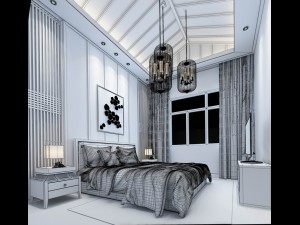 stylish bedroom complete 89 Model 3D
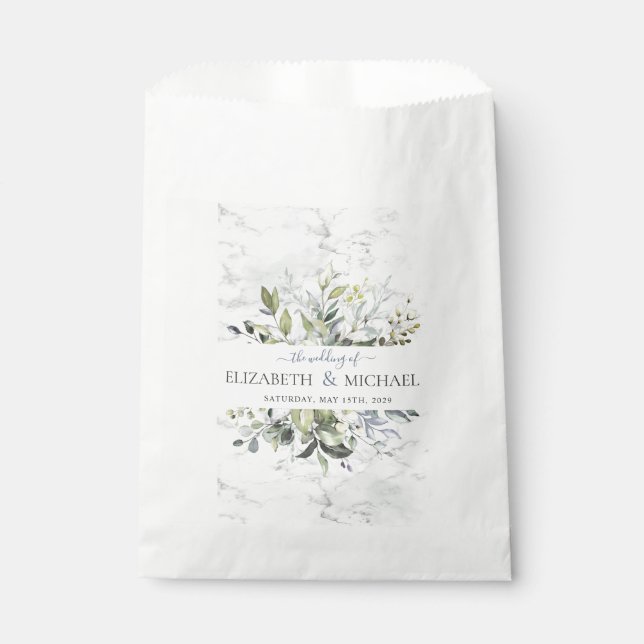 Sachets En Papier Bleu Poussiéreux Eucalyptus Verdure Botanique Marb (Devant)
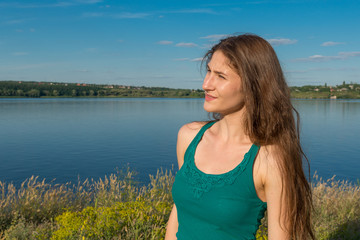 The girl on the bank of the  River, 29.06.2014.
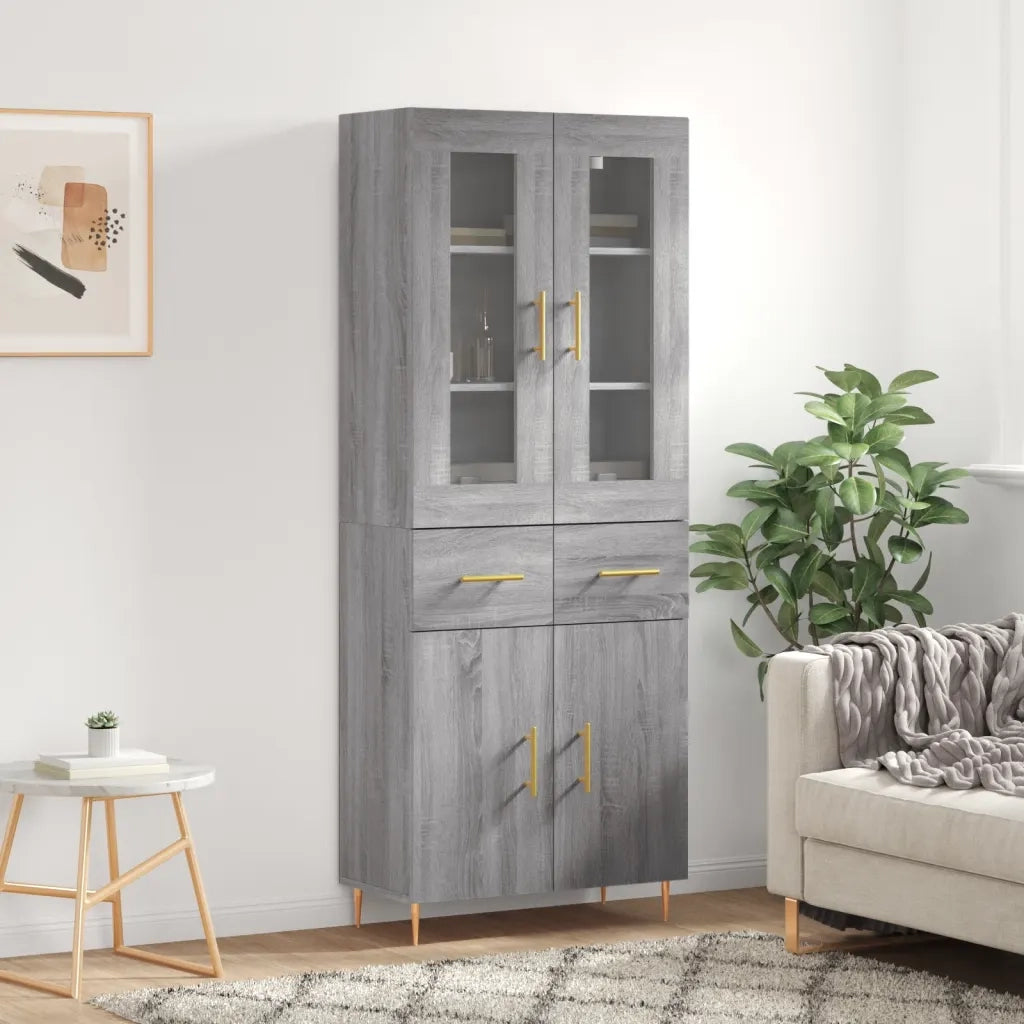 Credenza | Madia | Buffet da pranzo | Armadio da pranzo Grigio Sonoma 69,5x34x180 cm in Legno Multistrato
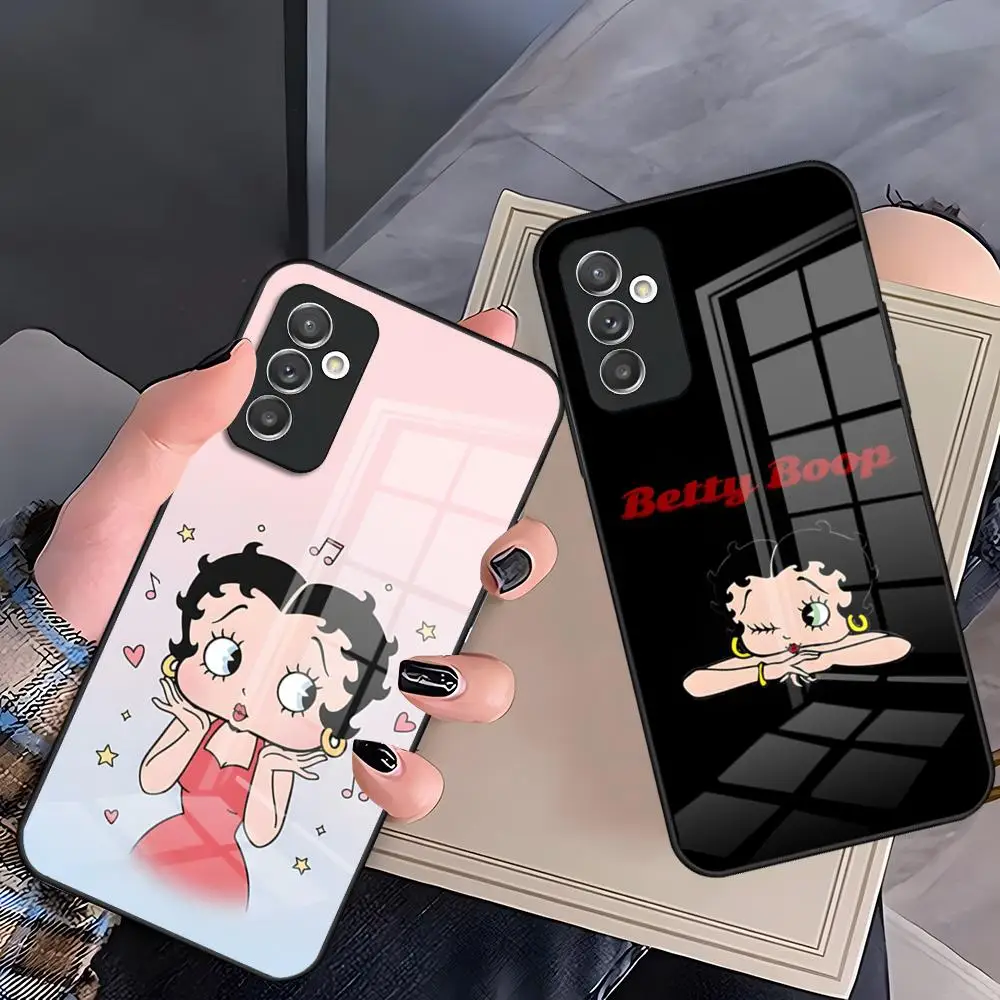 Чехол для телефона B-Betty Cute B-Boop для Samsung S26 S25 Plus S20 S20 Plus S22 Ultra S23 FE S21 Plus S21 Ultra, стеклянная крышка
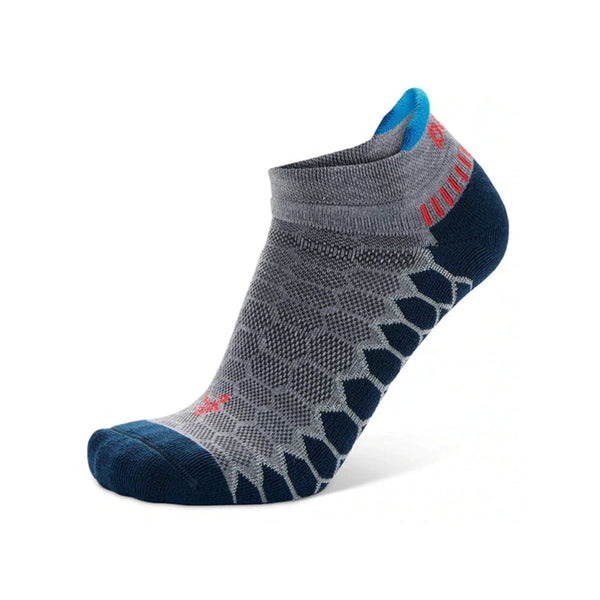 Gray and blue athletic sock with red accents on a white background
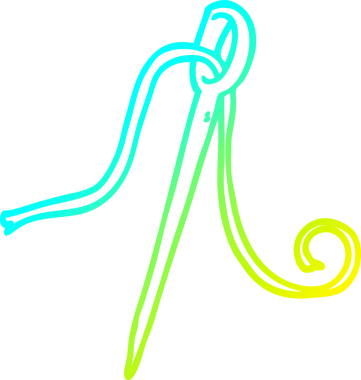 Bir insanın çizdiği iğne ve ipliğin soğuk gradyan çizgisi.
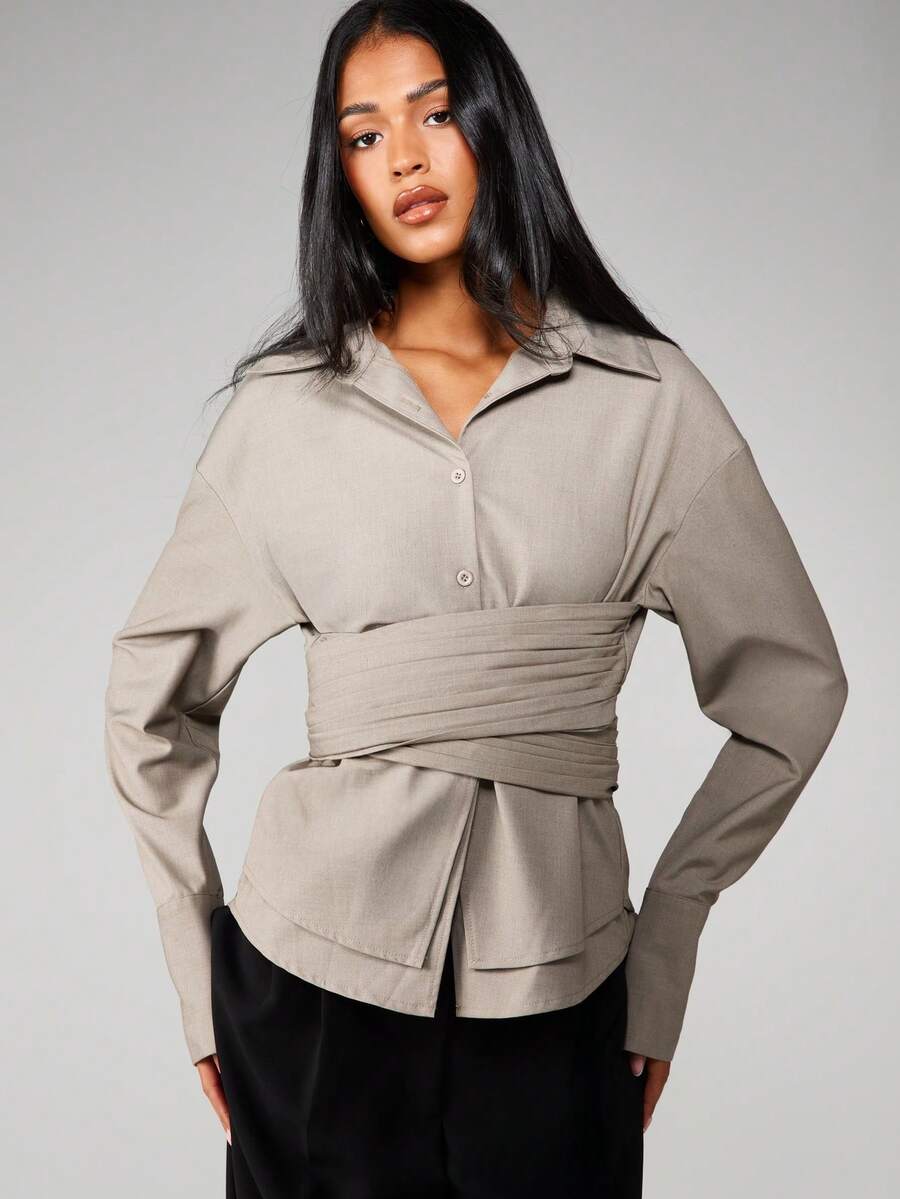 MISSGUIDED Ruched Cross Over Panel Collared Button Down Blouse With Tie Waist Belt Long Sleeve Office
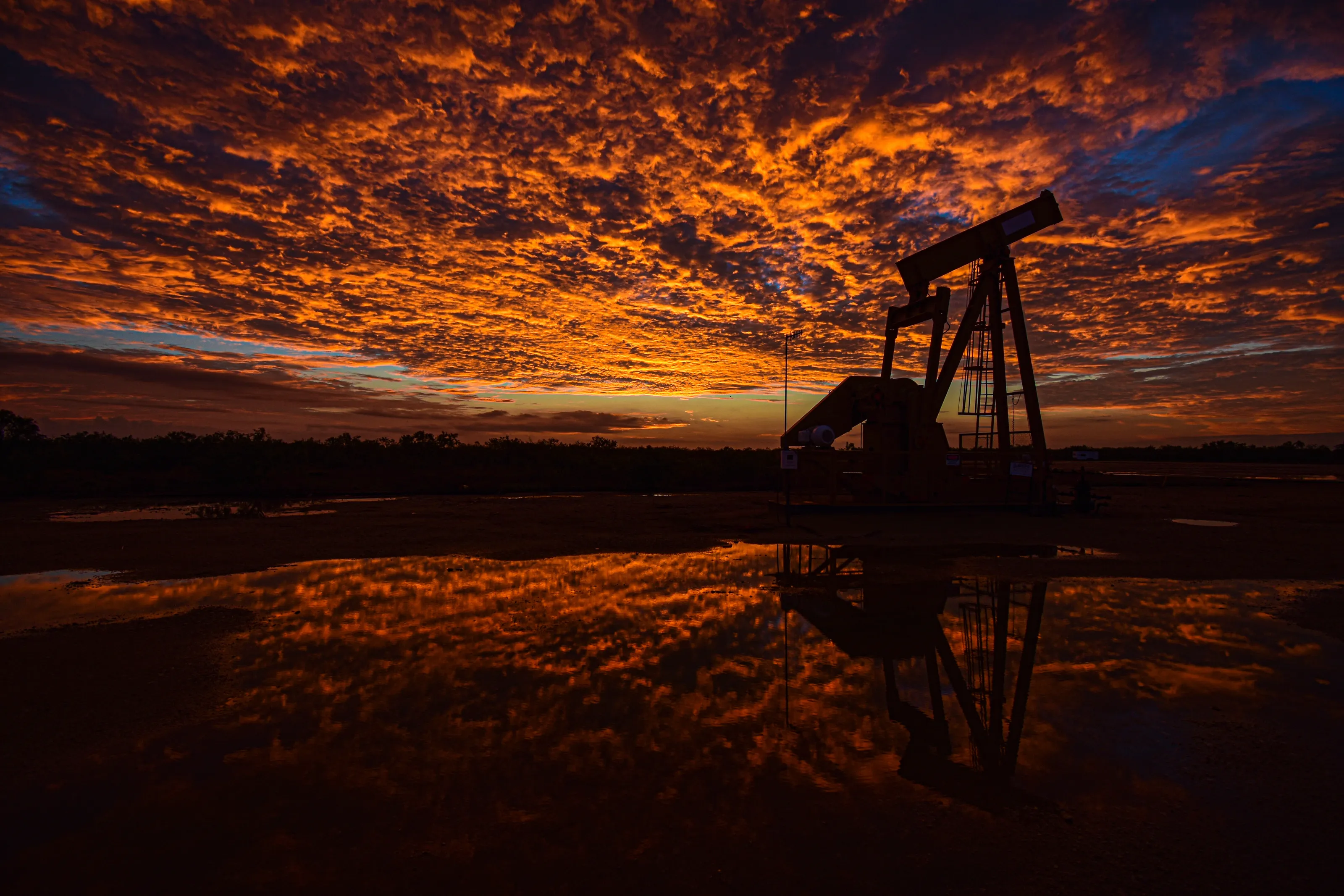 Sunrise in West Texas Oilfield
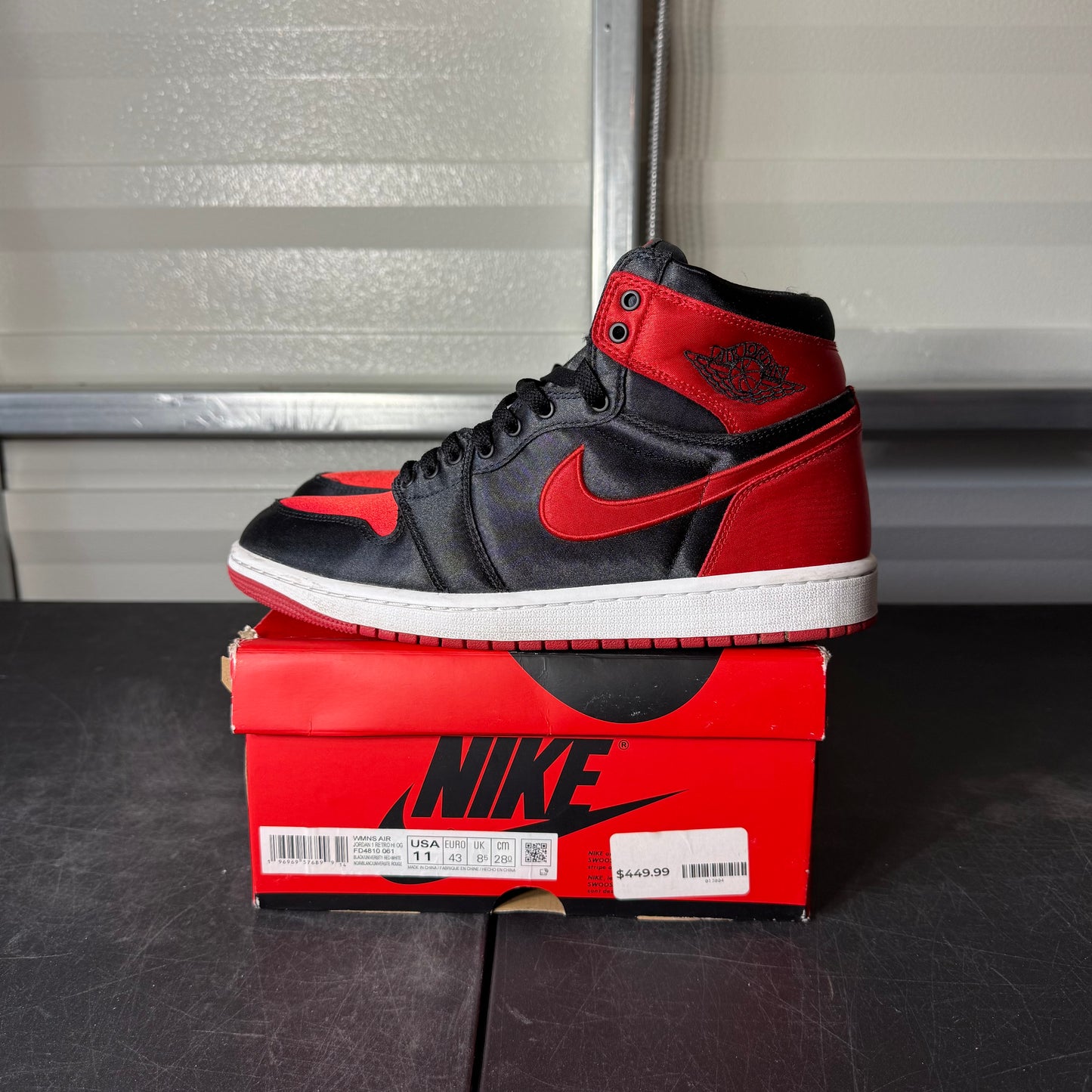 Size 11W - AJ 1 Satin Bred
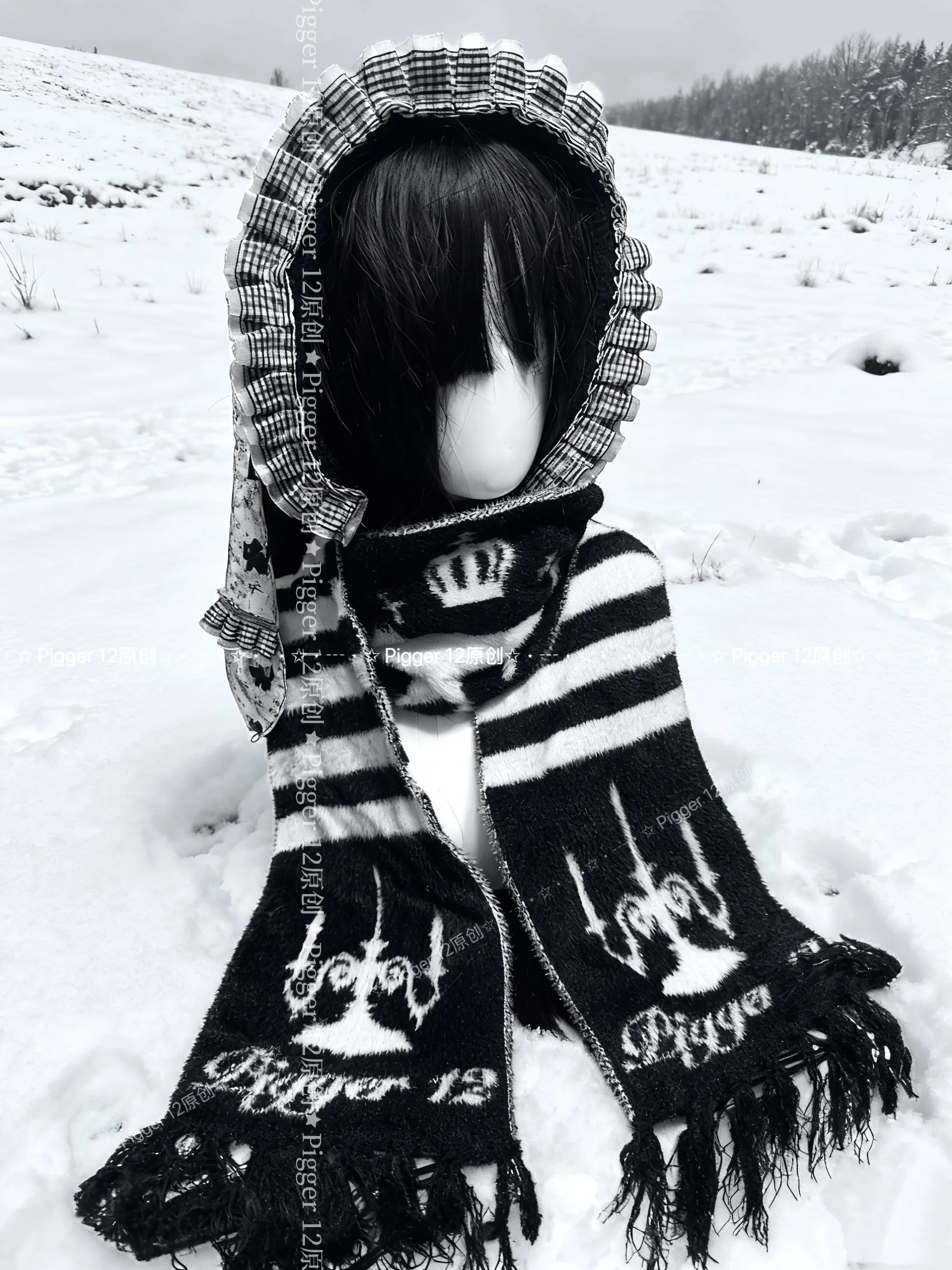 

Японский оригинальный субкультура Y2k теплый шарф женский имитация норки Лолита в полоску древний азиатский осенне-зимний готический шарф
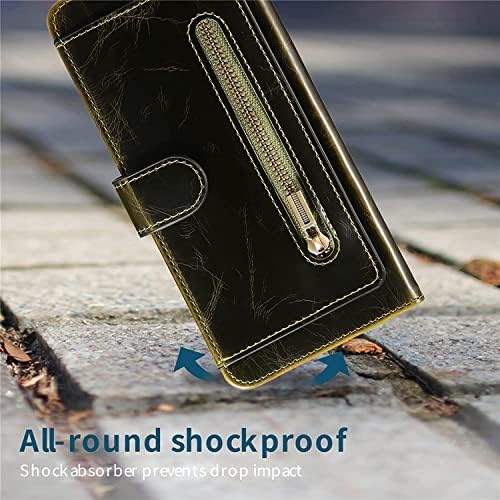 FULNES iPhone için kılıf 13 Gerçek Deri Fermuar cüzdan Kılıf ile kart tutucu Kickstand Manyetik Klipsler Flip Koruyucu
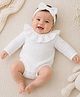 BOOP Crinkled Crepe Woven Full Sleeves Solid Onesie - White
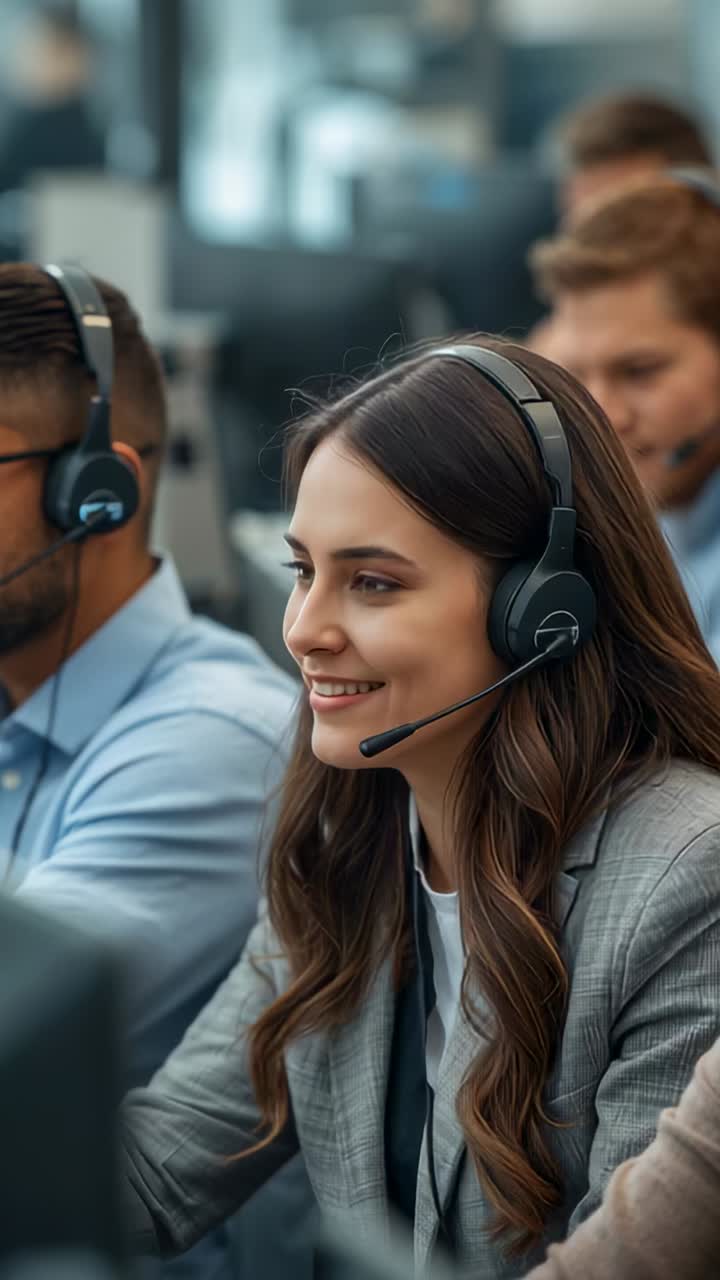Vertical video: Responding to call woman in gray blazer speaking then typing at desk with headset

------------------------------

> _Brief_:
Leaving the pictures out, set down exactly the lines from the one with "BOOP Crinkled Crepe" through the end of the records.

> _Response box_:
 BOOP Crinkled Crepe Woven Full Sleeves Solid Onesie - White
Vertical video: Responding to call woman in gray blazer speaking then typing at desk with headset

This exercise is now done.